C'est bien beau la défense des intérêts du Québec, mais chaque député du Bloc québécois réélu le 14 octobre prochain sera un adversaire de plus que le PLQ trouvera sur son chemin aux prochaines élections québécoises.
Dans l'esprit d'un bon nombre de militants, notamment chez les anglophones et les allophones, le mot «libéral» est synonyme de «canadien». Même si la menace séparatiste s'est éloignée, tout ce qui peut contribuer à revitaliser le mouvement nationaliste, même dans un but strictement stratégique, équivaut à pactiser avec le diable.

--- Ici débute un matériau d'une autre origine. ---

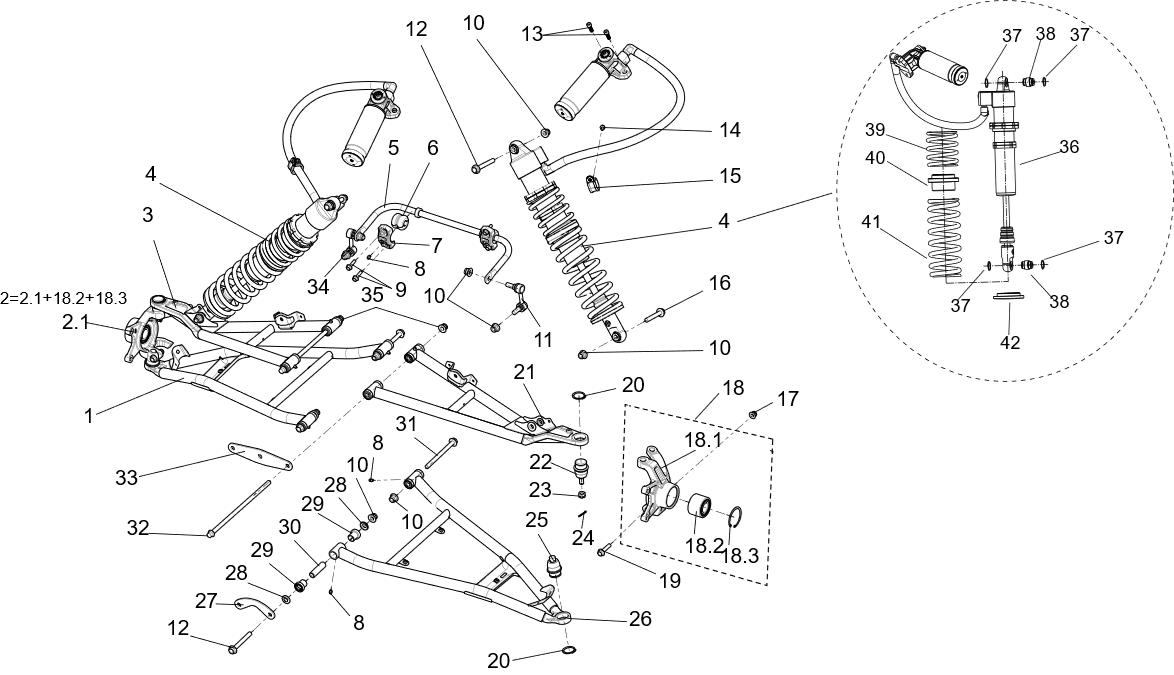 FRONT SUSPENSION ASSEMBLY (WIDE VEHICLE VERSION)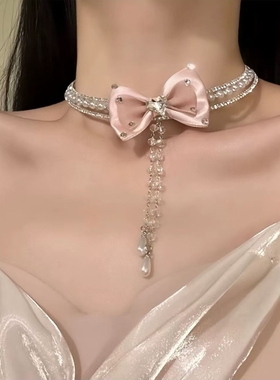 氛围感超仙绝美闪钻爱心蝴蝶结流苏项链女高级感锁骨链颈链choker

Il y a un an, le conseil général avait très mal accueilli l'orientation proposée dans un document intitulé Identité et fédéralisme, auquel plusieurs militants libéraux trouvaient des accents dangereusement souverainistes. Un délégué avait résumé le sentiment général en déclarant: «Je ne vois pas grand-chose sur le fédéralisme.»
Le document avait été revu de fond en comble avant le congrès de mars 2008, mais certains avaient encore trouvé qu'un mot comme «citoyenneté», comme dans l'expression «éducation à la citoyenneté», n'avait pas sa place dans un document émanant d'un parti provincial, puisqu'il ne pouvait y avoir qu'une citoyenneté, la canadienne. Heureusement, les délégués avaient eu le temps de corriger cet accroc à la bienséance avant la fin du congrès.
Le concept de «souveraineté culturelle», dont M. Charest dit s'inspirer pour réclamer la pleine maîtrise d'oeuvre dans les secteurs de la culture et des communications, avec le transfert des fonds nécessaires, pourrait en faire grimacer certains.
Depuis 40 ans, le terrain constitutionnel a toujours été un véritable champ de mines pour les libéraux.
M. Charest assure qu'il est possible de progresser en empruntant la voie administrative, sans rouvrir formellement la Constitution, mais plusieurs seront plutôt d'avis que le meilleur moyen d'éviter les problèmes est encore de parler d'autre chose.